## YOUR GOAL
Each line below should be repeated exactly as written, with no pictures carried over.

## RECORDS PROVIDED
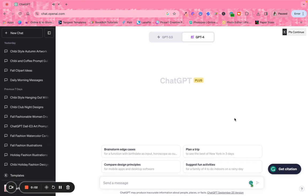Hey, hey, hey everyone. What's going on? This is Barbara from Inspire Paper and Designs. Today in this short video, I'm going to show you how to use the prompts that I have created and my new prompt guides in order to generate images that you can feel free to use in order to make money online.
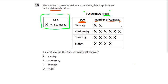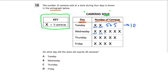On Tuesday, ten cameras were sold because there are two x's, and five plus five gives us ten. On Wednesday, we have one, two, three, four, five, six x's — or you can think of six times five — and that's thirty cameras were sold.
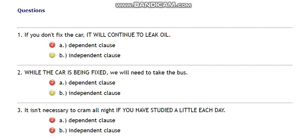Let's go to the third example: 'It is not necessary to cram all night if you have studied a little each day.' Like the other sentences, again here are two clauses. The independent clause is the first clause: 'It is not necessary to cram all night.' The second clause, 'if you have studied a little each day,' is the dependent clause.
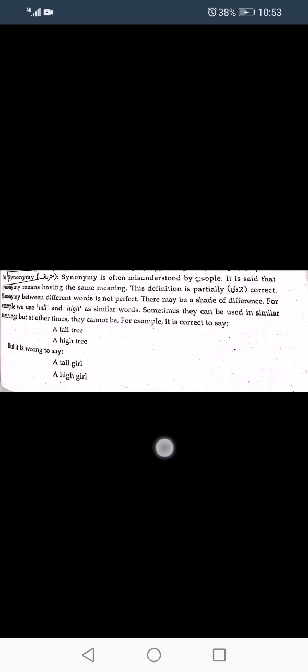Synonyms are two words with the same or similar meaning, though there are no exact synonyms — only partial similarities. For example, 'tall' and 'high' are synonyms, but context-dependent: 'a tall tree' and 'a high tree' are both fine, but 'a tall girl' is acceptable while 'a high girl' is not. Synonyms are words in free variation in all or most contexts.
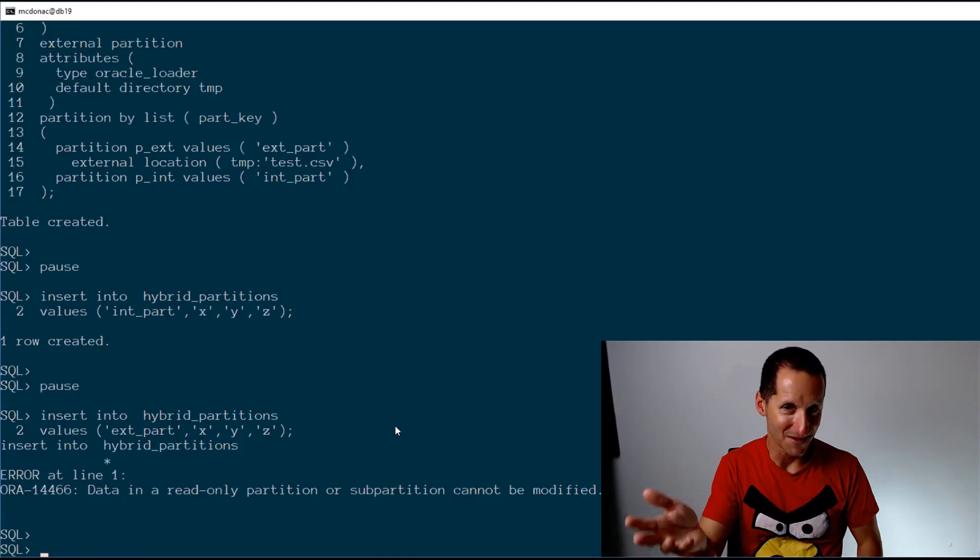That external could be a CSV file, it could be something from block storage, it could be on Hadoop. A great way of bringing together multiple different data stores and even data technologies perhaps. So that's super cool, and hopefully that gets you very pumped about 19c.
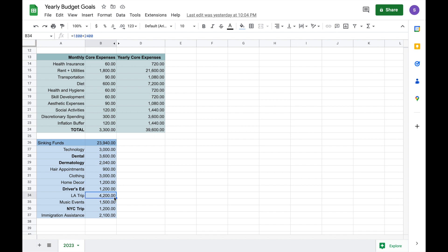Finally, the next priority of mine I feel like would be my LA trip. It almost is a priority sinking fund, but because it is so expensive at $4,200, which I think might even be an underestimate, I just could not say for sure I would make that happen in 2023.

## OUTPUT FOR THIS TASK
Hey, hey, hey everyone. What's going on? This is Barbara from Inspire Paper and Designs. Today in this short video, I'm going to show you how to use the prompts that I have created and my new prompt guides in order to generate images that you can feel free to use in order to make money online.
On Tuesday, ten cameras were sold because there are two x's, and five plus five gives us ten. On Wednesday, we have one, two, three, four, five, six x's — or you can think of six times five — and that's thirty cameras were sold.
Let's go to the third example: 'It is not necessary to cram all night if you have studied a little each day.' Like the other sentences, again here are two clauses. The independent clause is the first clause: 'It is not necessary to cram all night.' The second clause, 'if you have studied a little each day,' is the dependent clause.
Synonyms are two words with the same or similar meaning, though there are no exact synonyms — only partial similarities. For example, 'tall' and 'high' are synonyms, but context-dependent: 'a tall tree' and 'a high tree' are both fine, but 'a tall girl' is acceptable while 'a high girl' is not. Synonyms are words in free variation in all or most contexts.
That external could be a CSV file, it could be something from block storage, it could be on Hadoop. A great way of bringing together multiple different data stores and even data technologies perhaps. So that's super cool, and hopefully that gets you very pumped about 19c.
Finally, the next priority of mine I feel like would be my LA trip. It almost is a priority sinking fund, but because it is so expensive at $4,200, which I think might even be an underestimate, I just could not say for sure I would make that happen in 2023.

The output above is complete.